Index Count % Size % Cumulative % Kind (class / dict of class)
0 43217 41 2949300 32 2949300 32 str
1 590 1 988840 11 3938140 43 dict of twisted.web.server.Request
2 4369 4 848588 9 4786728 52 dict (no owner)
3 18370 17 757704 8 5544432 61 tuple
4 8059 8 470316 5 6014748 66 list
5 4724 4 321232 4 6335980 69 types.CodeType
6 590 1 309160 3 6645140 73 dict of twisted.internet.tcp.Server
7 204 0 307344 3 6952484 76 dict of module
8 4754 5 285240 3 7237724 79 function
9 467 0 209740 2 7447464 81 type
<222 more rows. Type e.g. '_.more' to view.>
Traversing Heap:
Reference Pattern by <[dict of] class>.
0: _ --- [-] 105004 (Queue.Queue | __builtin__.PyCObject | __builtin__.cell ...
1: a [-] 590 dict of twisted.web.server.Request: 0x15e18a0..., 0x15e1b98
2: aa ---- [-] 590 twisted.web.server.Request: 0x1564b98, 0x15d8850...
3: a3 [-] 1 list: 0x12634b8*590
4: a4 ------ [S] 1 dict of module: __main__
5: b [-] 18370 tuple: 0x4a76f0*1, 0x4a7730*1, 0x4a77f0*1, 0x4a7810*1...
6: ba ---- [S] 4724 types.CodeType: site.py:82:makepath...
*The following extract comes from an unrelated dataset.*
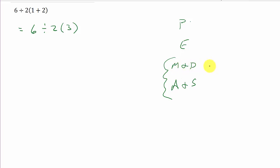But the important thing here is multiplication and division in the order it appears left to right. So here's division, here's multiplication. This is 6 divided by 2 times 3. So we've got to go from left to right.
7: bb [-] 590 dict of twisted.internet.tcp.Server: 0x15e3710..., 0x162f310
8: bba ---- [-] 590 twisted.internet.tcp.Server: 0x157ef90, 0x15e3150...
9: bbaa [^ 1] 590 dict of twisted.web.server.Request: 0x15e1b98...
Memory Statistics:
Partition of a set of 261479 objects. Total size = 25045732 bytes.
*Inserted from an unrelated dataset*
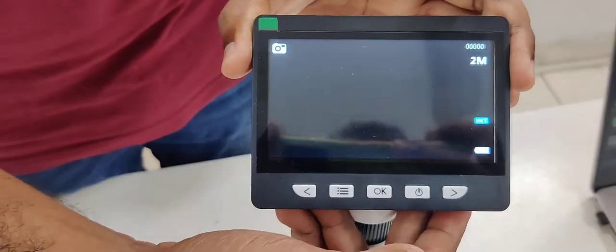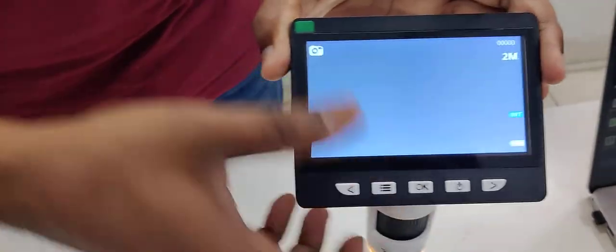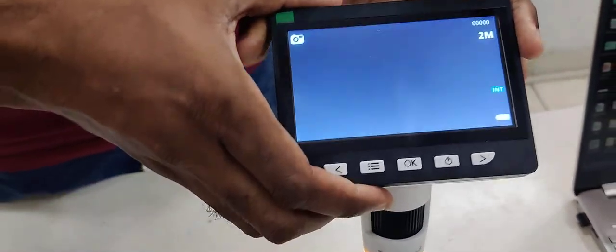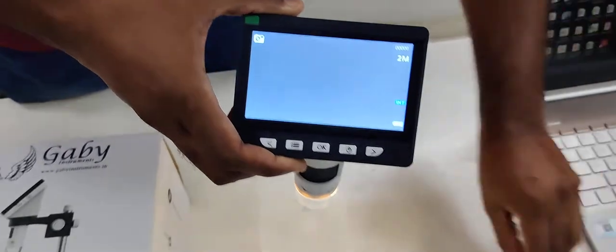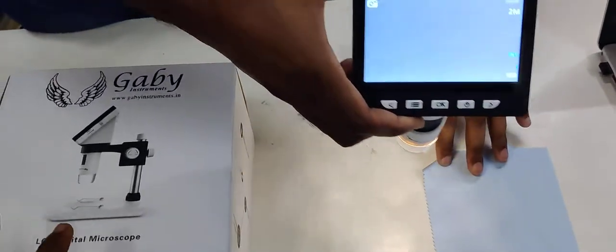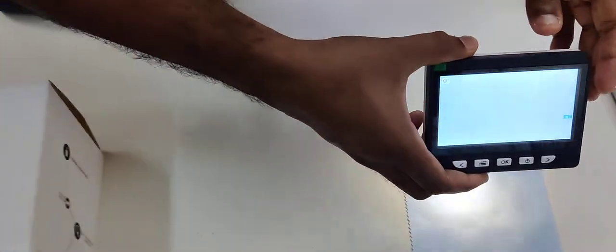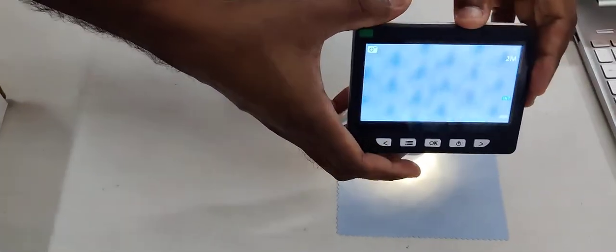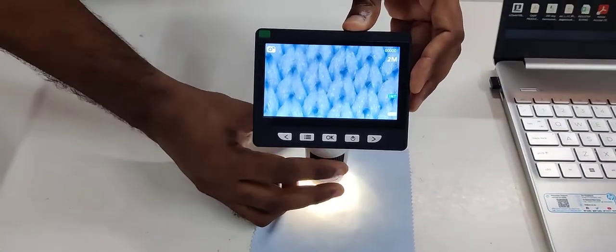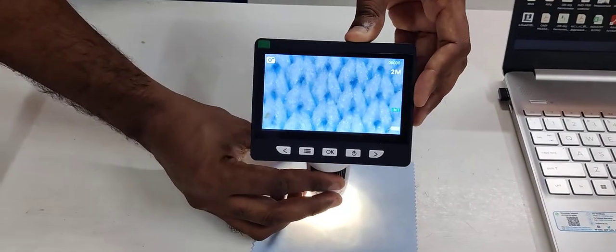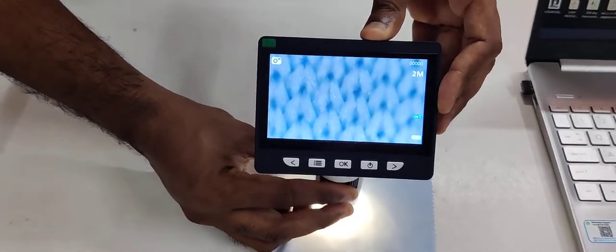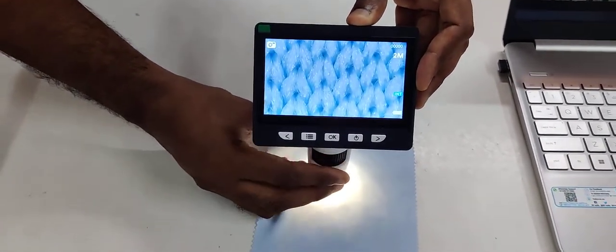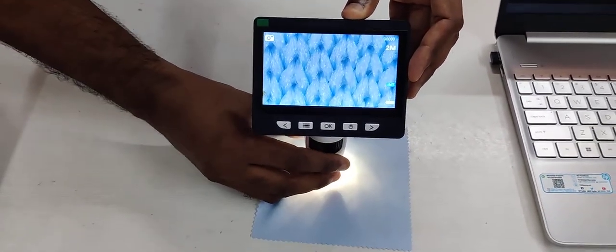Just switch it on, and keep it on a sample, and just zoom. That's it.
Index Count % Size % Cumulative % Kind (class / dict of class)
0 3543 1 5938068 24 5938068 24 dict of twisted.web.server.Request
1 87519 33 4638728 19 10576796 42 str
2 19145 7 2917228 12 13494024 54 dict (no owner)
3 46449 18 2620132 10 16114156 64 list
4 3543 1 1856532 7 17970688 72 dict of twisted.internet.tcp.Server
5 7086 3 992040 4 18962728 76 dict of twisted.internet.address.IPv4Address
6 7086 3 992040 4 19954768 80 dict of twisted.web.http_headers.Headers
7 7086 3 992040 4 20946808 84 dict of twisted.web.http_headers._DictHeaders
8 21326 8 864116 3 21810924 87 tuple
9 4724 2 321232 1 22132156 88 types.CodeType
<226 more rows. Type e.g. '_.more' to view.>
Traversing Heap:
Reference Pattern by <[dict of] class>.
0: _ --- [-] 261479 (Queue.Queue | __builtin__.PyCObject | __builtin__.cell ...
1: a [-] 3543 dict of twisted.web.server.Request: 0x15e18a0..., 0x15e1b98
2: aa ---- [-] 3543 twisted.web.server.Request: 0x1564b98, 0x15d8850...
3: a3 [-] 1 list: 0x12634b8*3543
4: a4 ------ [S] 1 dict of module: __main__
5: b [-] 3543 dict of twisted.internet.tcp.Server: 0x15e3710..., 0x162f310
6: ba ---- [-] 3543 twisted.internet.tcp.Server: 0x157ef90, 0x15e3150...
7: baa [^ 1] 3543 dict of twisted.web.server.Request: 0x15e1b98...
8: c ---- [-] 25140 list: 0x4a8850*1, 0x4a8878*2, 0x4a88a0*2, 0x4a8ee0*202...
9: ca [^ 1] 3543 dict of twisted.web.server.Request: 0x15e1b98...
I am looking for a pattern here. Specifically what I am interested in is:
Partition of a set of 104996 objects. Total size = 9162436 bytes.
Then again in the second profile:
Partition of a set of 261479 objects. Total size = 25045732 bytes.
I can see that my number of objects is rapidly increasing and I can see that we went from ~9MB to ~25MB in very short order.
Now to figure out where it is coming from, I want to “Traverse” the heap. This will help me go in the right direction. It’s pretty clear from as I look at the change from the “Traversing Heap” from the first set to the second set, that the Request object is becoming increasing an issue.
Twisted is extremely well written and does not have memory leaks “out of the box”, so the issue is in my code. Thankfully I do not have complex code and it’s very easy to see what’s going on with the Request object. Appending the Request object to a global list is pretty stupid… thank god it’s only an example :P
The major lesson learned from my experience is to profile memory often and to set up automated tests to do so. Had our development gone much longer without examining our code, we would have likely pulled our hair out. Also critical for us to find the source of our leak, was to let the test run for a length of time and try to find a pattern.